Analisa Geokimia Batuan Induk
Tujuan utama analisa geokimia dalam eksplorasi hidrokarbon pada dasarnya
meliputi : menentukan potensi batuan induk, menetukan tipe kerogen, dan
kematangan batuan induk.
Tujuan-tujuan ini dapat digunakan untuk memberikan gambaran dari arah
migrasi Minyak bumi yang berguna untuk mengembangkan sumur pemboran dan
menentukan kelanjutan dari penyelidikan pemboran.

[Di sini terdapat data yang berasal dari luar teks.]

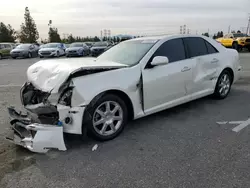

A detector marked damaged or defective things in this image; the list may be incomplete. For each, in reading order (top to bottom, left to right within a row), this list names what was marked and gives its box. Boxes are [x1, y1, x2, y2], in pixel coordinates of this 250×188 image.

crumpled hood [26, 57, 127, 92]
severe front damage [6, 58, 128, 153]
damaged front bumper [7, 106, 66, 153] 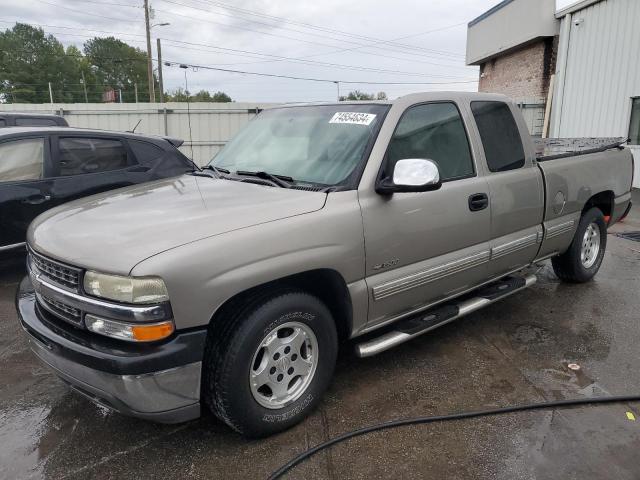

Pelaksanaan yang harus dilaksanakan untuk mencapai tujuan tersebut dapat
ditakukan melalui tiga tahapan dasar yaitu :
a.
Analisa organik matter
b.
Analisa tipe organik matter
c.
Analisa kematangan batuan induk
Pada bab ini hanya membahas dari pada
analisa organik matter dan tipe-tipe organik matter, sedang pada bab
selanjutnya akan membahas secara tersendiri mengenai analisa batuan induk
dengan menggunakan Metode Lopatin.
1.1 Dasar Teori
1.2.1 Analisa Jumlah
Organik Dalam Batuan Induk
Jumlah material organik yang terdapat di
dalam batuan sedimen dinyatakan sebagai Karbon Organik Total (TOC). Analisis
ini cukup murah, sederhana dan cepat. Biasanya memerlukan satu gram batuan,
tetapi jika sample banyak material organik, jumlah yang lebih kecil dari satu
gram cukup.
Analisa TOC biasanya dilakukan dengan suatu alat penganalisis karbon, Leco
Carbon Analyzer.
Dimana tekniknya cukup sederhana, yaitu dengan membakar sample yang
berbentuk bubuk, bebas mineral karbonat pada temperatur tinggi dengan batuan
oksigen. Semua karbon organik dirubah menjadi karbon dioksida, yang kemudian
diperangkap dalam alat tersebut dan dilepaskan dalam suatu detector ketika
pembakaran sudah usai jumlah karbon organik di dalam batuan karbonat harus
dihilangkan dalam sample dengan asam klorida sebelum pembakaran, karena mineral
karbonat juga terurai selama pembakaran dan menghasilkan karbon dioksida. Sample
dengan kandungan TOC rendah biasanya dianggap tidak mampu membentuk hidrokarbon
yang komersial dan karena itu sample seperti biasanya tidak dianalisis lebih
lanjut. Titik batas didiskualifikasikan biasanya tidak merata, tetapi pada
umumnya antara 0,5 dan 1 % TOC.
Sample yang terpilih, dianalisis lebih
lanjut untuk tipe material organik yang dikandungnya.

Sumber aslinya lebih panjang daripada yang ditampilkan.